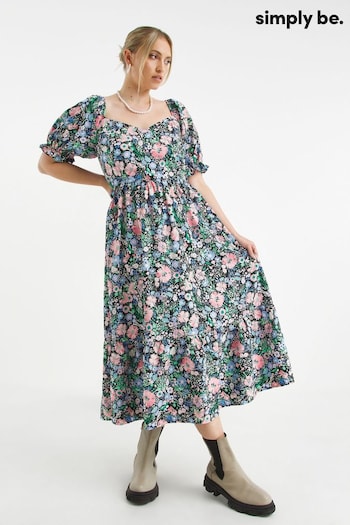 Simply Be Pink Floral Sweetheart Neck Midi Dress (383385) | £32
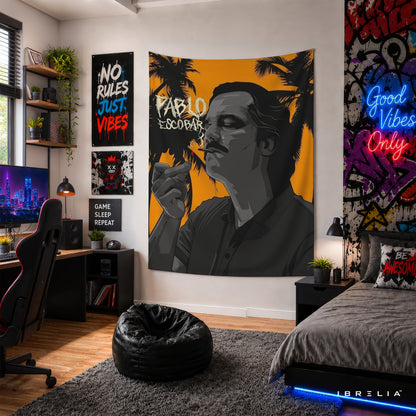 Pablo Escobar Portrait Wall Tapestry | Premium Heavyweight Jute Fabric Wall Hanging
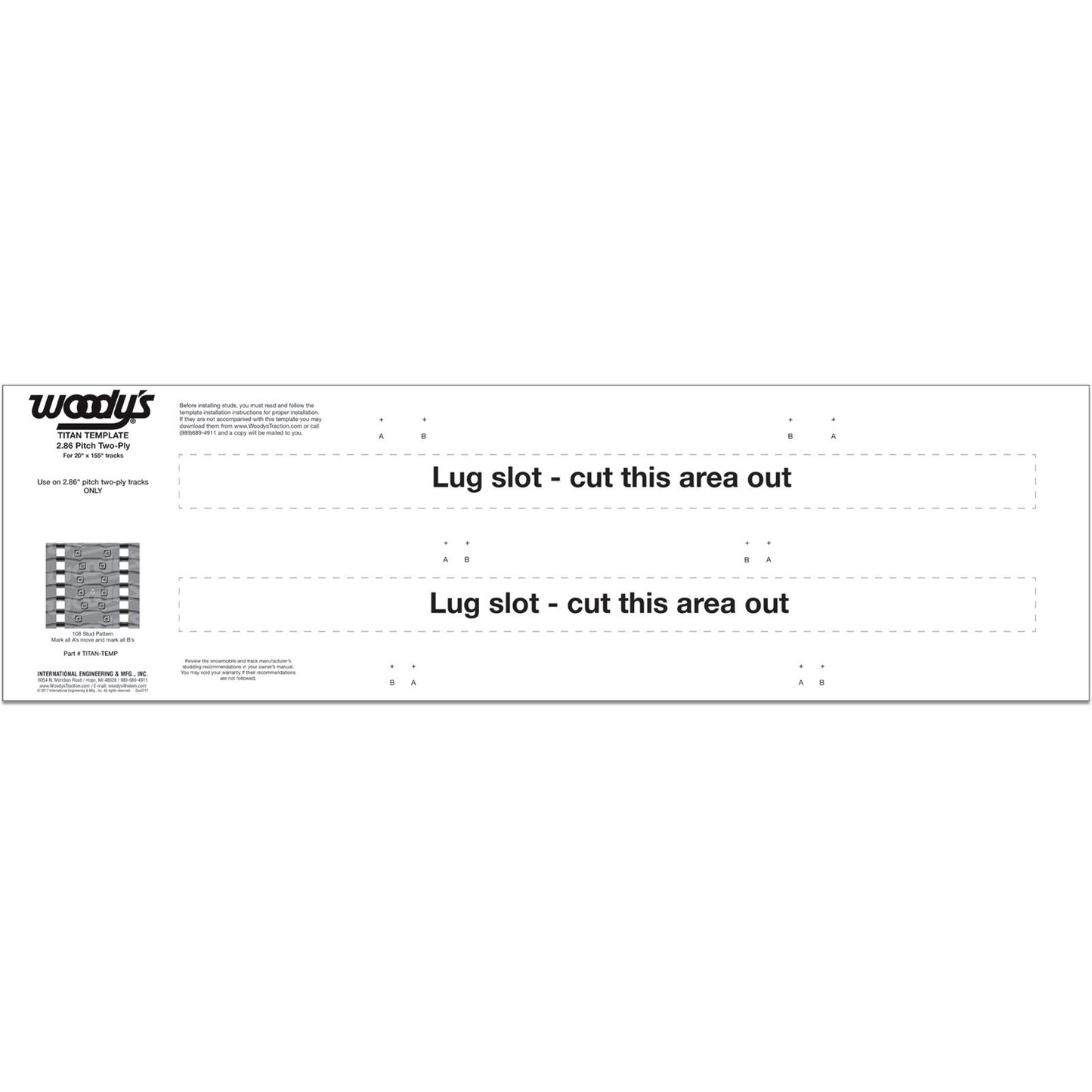 Woodys Studding Template Titan TITAN-TEMP_70653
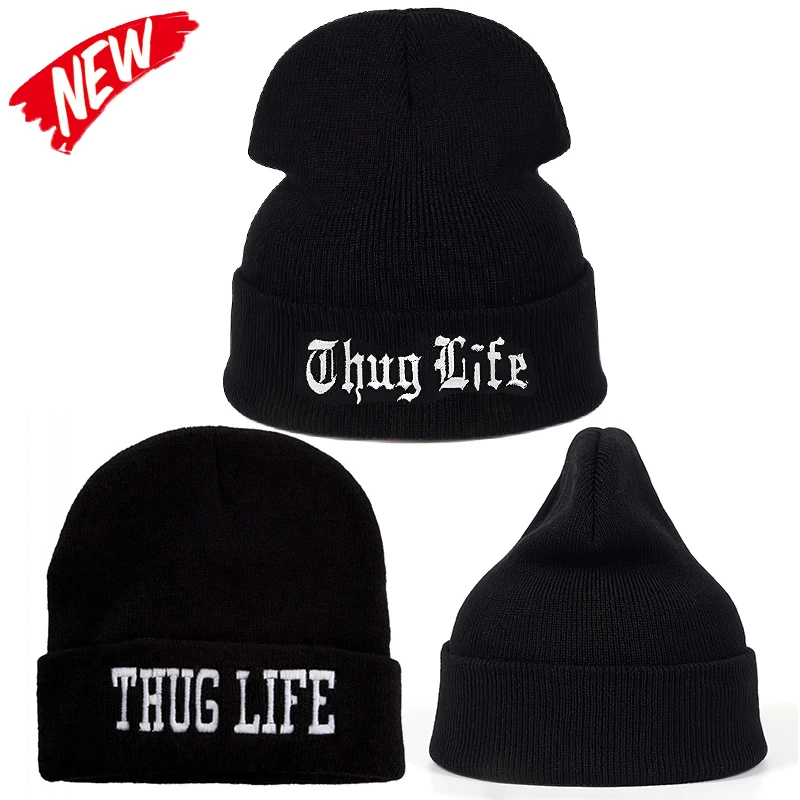 Nova moda masculina thug life bordado chapéu de malha inverno quente esportes ao ar livre chapéu gorro macio para homens mulheres casuais chapéus de lã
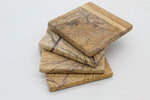 50466: Brown Forest Marble with Acacia Wood Square Coasters - Set of 4 - Jodhshop
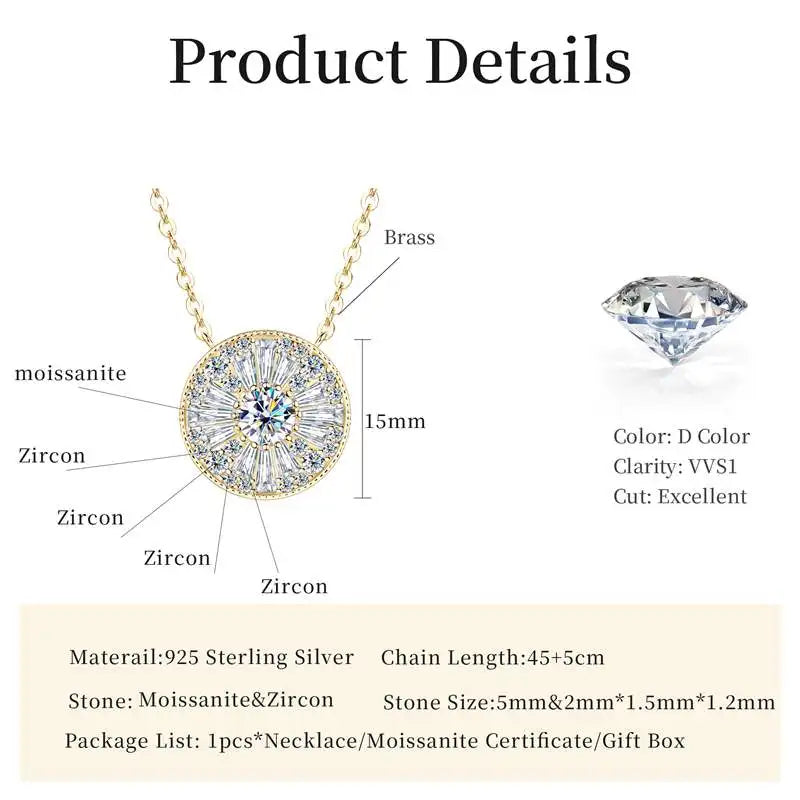 Certified 5mm Moissanite Diamond Necklace Niche Light Luxury Round Shape Pendant Necklace for Women ExquisiteBirthday Gift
*****
**What to produce:** Print out every entry above without changing a word, and leave out the pictures.

**Your response:**
 Simply Be Pink Floral Sweetheart Neck Midi Dress (383385) | £32
 Pablo Escobar Portrait Wall Tapestry | Premium Heavyweight Jute Fabric Wall Hanging
 Woodys Studding Template Titan TITAN-TEMP_70653
 Nova moda masculina thug life bordado chapéu de malha inverno quente esportes ao ar livre chapéu gorro macio para homens mulheres casuais chapéus de lã
 50466: Brown Forest Marble with Acacia Wood Square Coasters - Set of 4 - Jodhshop
 Certified 5mm Moissanite Diamond Necklace Niche Light Luxury Round Shape Pendant Necklace for Women ExquisiteBirthday Gift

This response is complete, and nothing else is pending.